Build residual layer for ResNet3D.

Parameters:
  • block (nn.Module) – Residual module to be built.

  • layer_inplanes (int) – Number of channels for the input feature of the res layer.

  • inplanes (int) – Number of channels for the input feature in each block, which equals to base_channels * gamma_w.

  • planes (int) – Number of channels for the output feature in each block, which equals to base_channel * gamma_w * gamma_b.

  • blocks (int) – Number of residual blocks.

  • spatial_stride (int) – Spatial strides in residual and conv layers. Default: 1.

  • se_style (str) – The style of inserting SE modules into BlockX3D, ‘half’ denotes insert into half of the blocks, while ‘all’ denotes insert into all blocks. Default: ‘half’.

  • se_ratio (float | None) – The reduction ratio of squeeze and excitation unit. If set as None, it means not using SE unit.

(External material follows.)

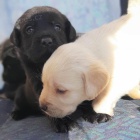 K dispozici skv�l� �t���tka labradora. Vysok� genealog. Na�e �t���tka se prod�vala s kompletn�m vakcina�n�m protokolem, proveden� intern� a extern� parazit�rn� o�et�en� a ��edn� osv�d�en� o osvobozen� od d�di�n�ch chorob rodi��. Vyb�r�me vhodn� rodiny, kt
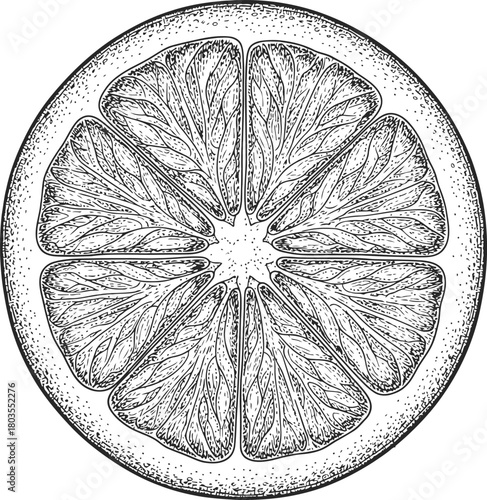 Monochromatic citrus fruit cross section displaying internal segments and rind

Default: None.

  • use_swish (bool) – Whether to use swish as the activation function before and after the 3x3x3 conv. Default: True.

  • normalization (Callable[..., nn.Module] | None) – Normalization layer module. Defaults to None.

  • activation (Callable[..., nn.Module] | None) – Activation layer module. Defaults to nn.ReLU.

  • with_cp (bool | None) – Use checkpoint or not. Using checkpoint will save some memory while slowing down the training speed. Default: False.

Returns:

A residual layer for the given config.

Return type:

nn.Module

train(mode: bool = True) None[source]#

Set the optimization status when training.

class otx.algo.action_classification.X3DHead(num_classes: int, in_channels: int, hidden_dim: int, loss_cls: Module, spatial_type: str = 'avg', dropout_ratio: float = 0.5, init_std: float = 0.01, fc1_bias: bool = False, average_clips: str | None = None)[source]#

Bases: BaseHead

Classification head for I3D.

Parameters:
  • num_classes (int) – Number of classes to be classified.

  • in_channels (int) – Number of channels in input feature.

  • loss_cls (nn.module) – Loss class like CrossEntropyLoss.

  • spatial_type (str) – Pooling type in spatial dimension. Default: ‘avg’.

  • dropout_ratio (float) – Probability of dropout layer. Default: 0.5.

  • init_std (float) – Std value for Initiation. Default: 0.01.

  • fc1_bias (bool) – If the first fc layer has bias. Default: False.

Initialize BaseModule, inherited from torch.nn.Module.

forward(x: Tensor, **kwargs) Tensor[source]#

Defines the computation performed at every call.

Parameters:

x (Tensor) – The input data.

Returns:

The classification scores for input samples.

Return type:

Tensor

init_weights() None[source]#

Initiate the parameters from scratch.